Untuk menarik perhatian masyarakat akan perpustakaan, Arlince menyebut bahwa pihaknya melakukan berbagai program misalnya pengadaan internet di gedung perpustakaan dan perpustakaan keliling.

Program perpustakaan keliling itu sudah dimulai sejak tahun 2012. Setiap minggu ada satu mobil yang penuh dengan buku keluar masuk kampung, termasuk sekolah-sekolah di sana, untuk melayani warga. Sayangnya, aktivitas ini terhenti selama pandemi COVID-19 dan belum diketahui kapan akan dilanjutkan.

Pihak perpustakaan sendiri mengklaim, program itu disambut baik oleh warga.

Terkini, Pemerintah Kabupaten Mimika pelan-pelan membangun pojok-pojok literasi digital di setiap kecamatan-kelurahan.

Proyek ini dimulai dari Kecamatan Kwamki Narama dan akan berlanjut ke titik-titik lain.

Di pojok membaca dan berselancar daring itu, perpustakaan Kabupaten Mimika akan menyediakan fasilitas internet gratis dan buku-buku.
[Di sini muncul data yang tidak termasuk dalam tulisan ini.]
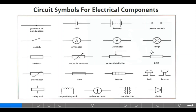The same thing with the resistor. And also the variable resistor. We have the potential divider, we have the fuse and the like. So these are the symbols for these electrical components that make up a circuit.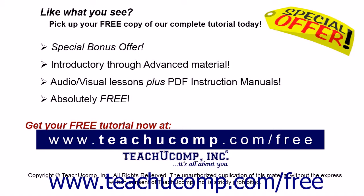Like what you see? Pick up your free copy of the complete tutorial at www.teachyoucomp.com/free.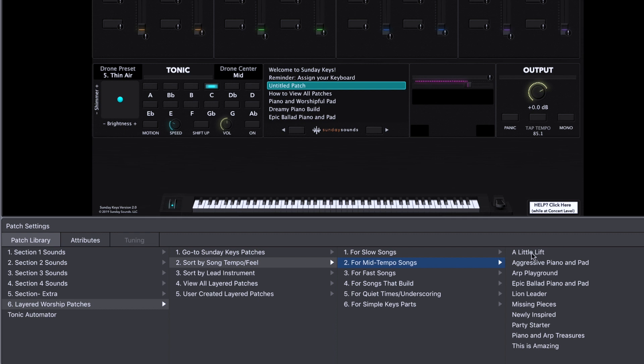You can really quickly empower yourself or keys players on your team — if they can determine whether this is a fast song or a slow song, then you can find a curated list of patches that are going to be great for that specific context. For example, let's say I tell my keys player we're going to be playing a slow song, or they listen to it online and figure out it's a slow song. That's all you need to know to get to a list of patches that will work really well for most worship slow songs.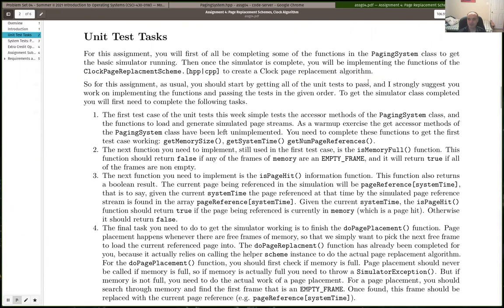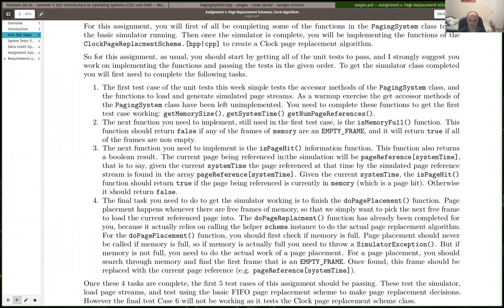The general paging algorithm is: time moves forward, and at each time step there's a reference to data on a new page. Your first question is always: is that a hit or a miss? It's a hit if the data being referenced on a particular page is already loaded into a physical frame in memory. If it's a hit, you don't have to do anything. If it's not a page hit — that's a miss — you have to make a page placement or page replacement decision.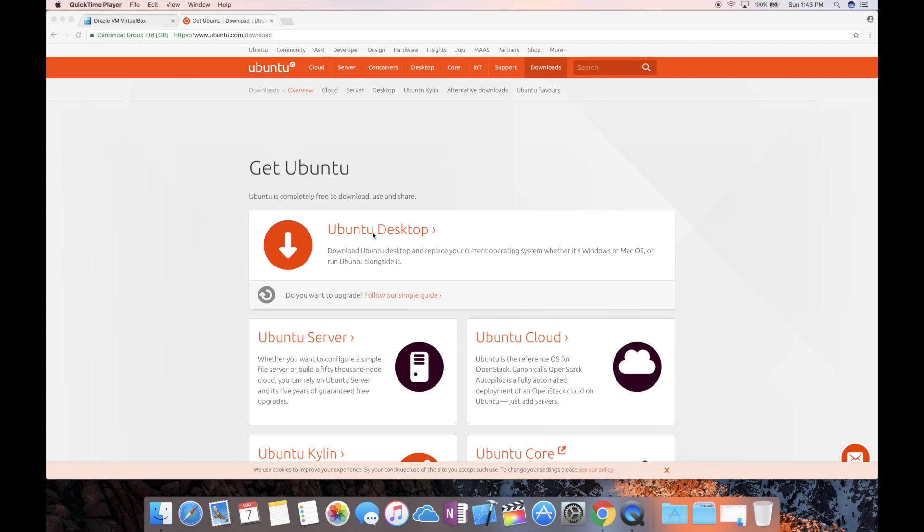Hey what's up you guys, it's Rocky here. Today I want to make a quick video on how to install Ubuntu on a VirtualBox on your Mac, and this is going to be totally free. You don't need to buy anything. Let's go ahead and get straight into it.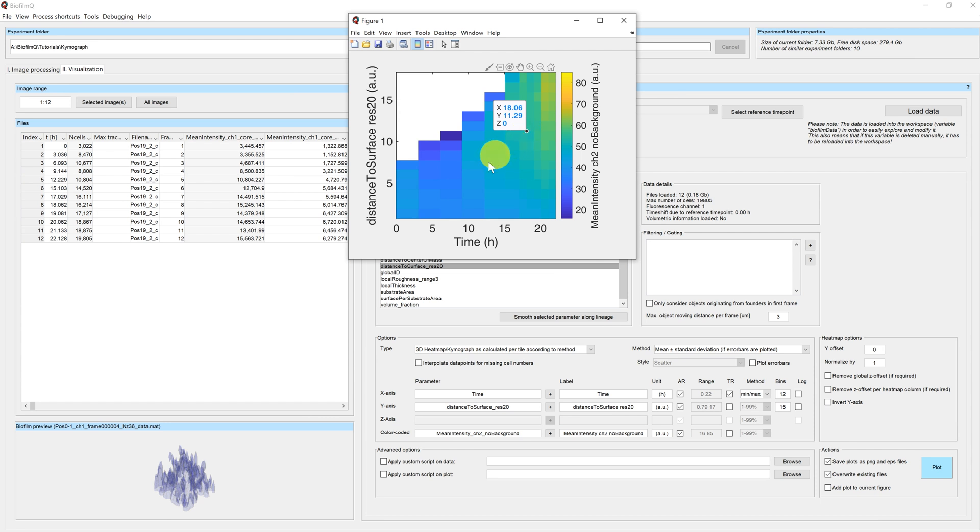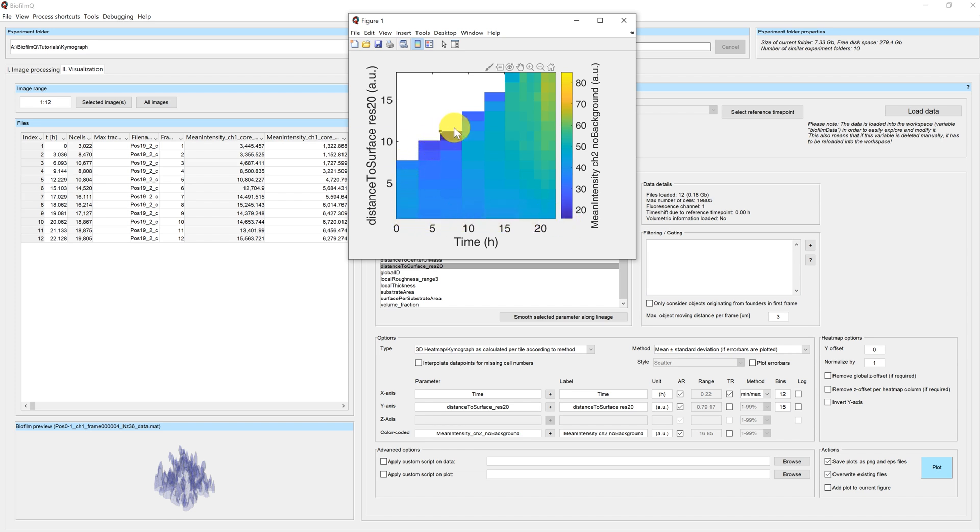However, here, since we're measuring the distance to surface, the value 0 corresponds to the surface of the biofilm. And these areas here are not the outer areas of the biofilm, but actually the innermost areas.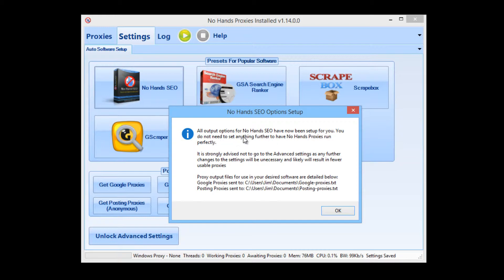You'll see a message pop up explaining that all output options for No Hands SEO have now been set up for you. You do not need to set up anything further. It strongly advises not to go to the advanced settings, as any further changes will be unnecessary and likely result in fewer usable proxies.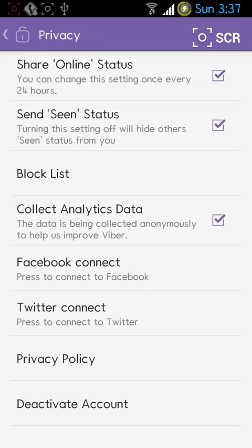You just have to uncheck it — just tap on it and that's it. You don't have to tap any save button. Once unchecked, every time someone sends you a message, they will not be able to see the seen status from you.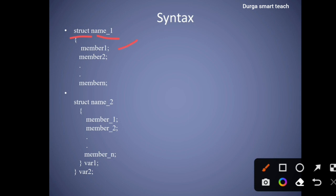Here, members are used to represent variables. Suppose student_id is a member of integer data type, student_name is a member, and student_age is a member — so members are nothing but variables. Next, inside struct one (without closing it), we are declaring another structure: struct name two, where the name of the structure is 'name two'.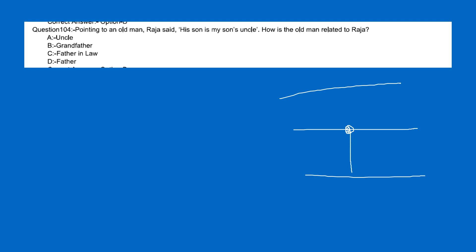Old man is the son. My son's uncle — my son's uncle's uncle will go that way. He says that his uncle is always kept up. Then, how is the old man related to Raja? Old man is related to Raja. His son is my son's uncle.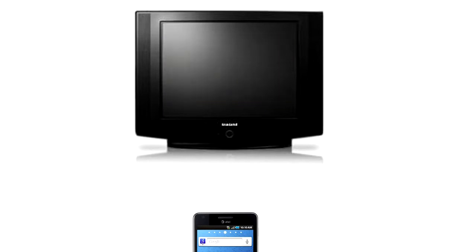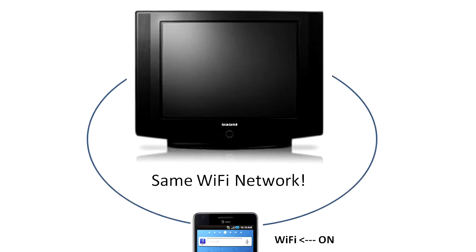It's that simple to stream media from your phone to other devices that support the DLNA standard. Now there's something you need to know before using the AllShare application. The DLNA standard is, in essence, a form of Wi-Fi communication. So before using AllShare, you'll need to make sure that Wi-Fi is turned on on your phone, and that both your phone and the destination device are connected to the same Wi-Fi network.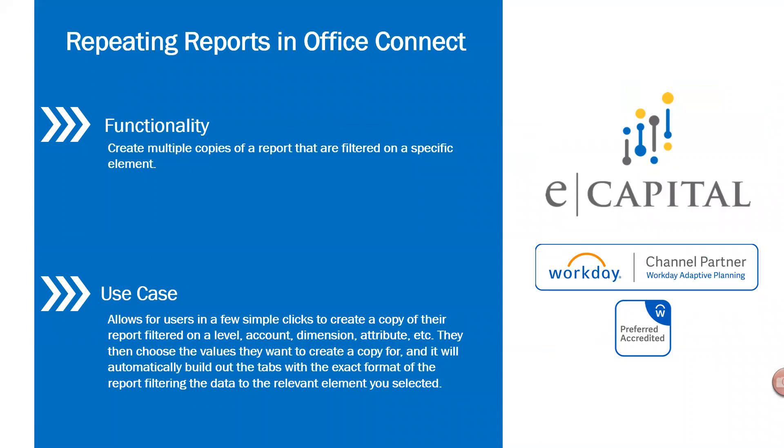Hello everyone and welcome back to our Tips and Tricks video series. My name is Scott Wolfe and I'm a consultant with eCapital Advisors, a partner of Workday Adaptive Planning.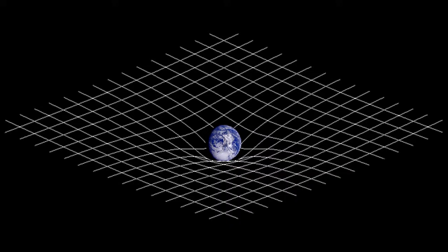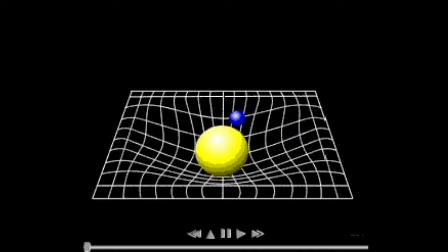Here's a good analogy you may have seen: the bowling ball on the trampoline. If you put a bowling ball on a trampoline, it all dips down. If you flick a marble around it, the marble will orbit — just like the Moon orbits the Earth, or the Earth orbits the Sun. You can really visualize it.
"Sehingga warga di sana tak perlu lagi mengeluarkan uang untuk membeli paket internet. Kami akan memulai pemasangan jaringan dan lain-lain setelah PON Papua," tutur Arlince.
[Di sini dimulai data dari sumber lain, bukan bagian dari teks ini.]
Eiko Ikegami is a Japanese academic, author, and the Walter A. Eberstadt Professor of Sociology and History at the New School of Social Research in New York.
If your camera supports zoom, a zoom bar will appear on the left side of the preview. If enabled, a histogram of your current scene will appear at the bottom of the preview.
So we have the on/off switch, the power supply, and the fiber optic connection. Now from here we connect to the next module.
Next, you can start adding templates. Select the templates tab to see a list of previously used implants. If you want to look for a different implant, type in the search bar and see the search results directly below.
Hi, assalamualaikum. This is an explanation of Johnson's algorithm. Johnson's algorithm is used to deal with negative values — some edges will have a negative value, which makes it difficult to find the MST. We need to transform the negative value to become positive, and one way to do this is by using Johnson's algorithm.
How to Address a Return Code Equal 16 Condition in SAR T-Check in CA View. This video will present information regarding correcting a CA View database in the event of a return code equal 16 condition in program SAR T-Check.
Baca juga: Wabup Mimika temui Emil Dardak bahas pendidikan mahasiswa
Suasana Perpustakaan Daerah Kabupaten Mimika. (Michael Siahaan)

Melekatkan masyarakat Mimika dengan buku sejatinya menjadi kebutuhan mutlak karena, dari sisi sumber daya manusia, wilayah ini memiliki potensi besar untuk melesat maju.
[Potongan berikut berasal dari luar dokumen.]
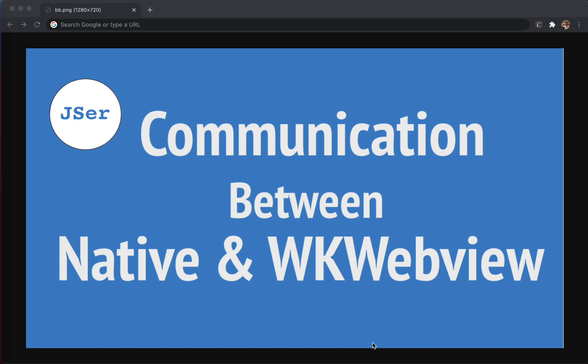Hey guys, this is Jay. Recently I've been learning new technologies, especially on the native side — how to build a native application using Swift, or just using Flutter. I'm also curious about how the internal mechanics of those frameworks work. For example, I use React.js every day, and there's React Native, where you can write native components just as you would for the front-end web world.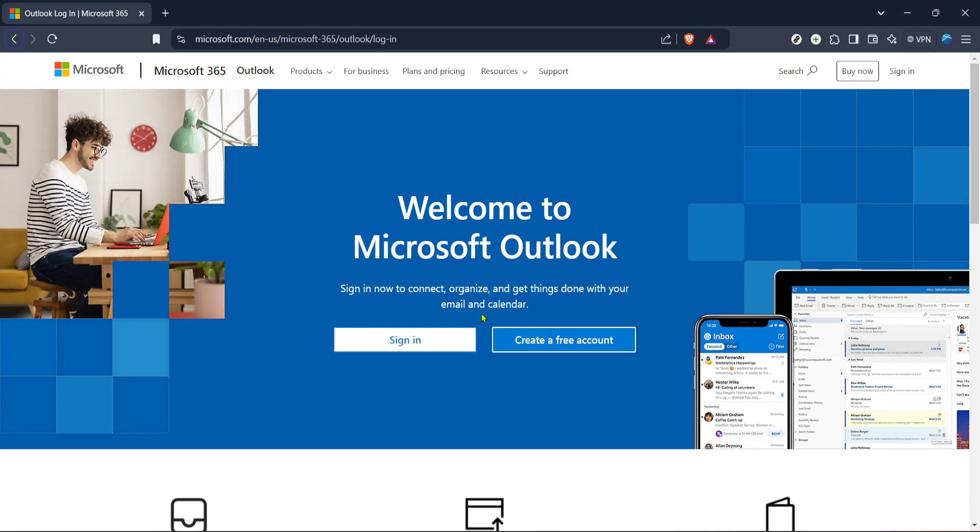Whether you're contacting a group of people for work, sending out invitations, or simply sharing information with multiple recipients, it's important to ensure that email addresses remain private. This is where the BCC field comes into play. So let's dive in and walk you through the easy steps to accomplish this in just five minutes.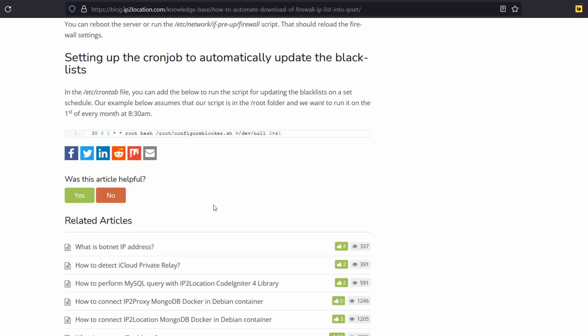Now, let's go back to your article page. You can set up the cron job to automatically update the blacklist by following this example. This example is for running the script on the first of every month at 8:30 am.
Mimika, berdasarkan data BPS setempat, memiliki Indeks Pembangunan Manusia (IPM) 74,13 pada tahun 2019, atau meningkat 0,98 dari tahun sebelumnya.

Nilai itu lebih tinggi daripada IPM Indonesia pada tahun yang sama yaitu 71,92. Di Provinsi Papua, IPM Mimika pada 2019 hanya kalah dari Kota Jayapura, 80,16.

Kemudian, di Mimika, jumlah penduduk usia produktif yaitu 15-64 tahun sangat besar yaitu 201.204 jiwa pada tahun 2020 atau 66 persen dari total keseluruhan penduduk yakni 311.969 orang.

Melihat situasi demikian, dengan pengelolaan yang tepat, Mimika tentu saja sangat mungkin menjadi penghasil SDM-SDM andal yang tenaga juga pikirannya dapat dicurahkan untuk kemajuan daerah maupun negara.

Melalui perpustakaan, pemerintah perlu memaksimalkan kekuatan mereka untuk "membanjiri" Mimika dengan buku-buku berkualitas tinggi sekaligus mempermudah akses masyarakat untuk mendapatkannya.

"Membangun perpustakaan," tulis penulis asal Argentina, Carlos Maria Dominguez dalam bukunya "Rumah Kertas" (2002), "adalah mencipta kehidupan. Perpustakaan tak pernah menjadi kumpulan acak dari buku-buku belaka".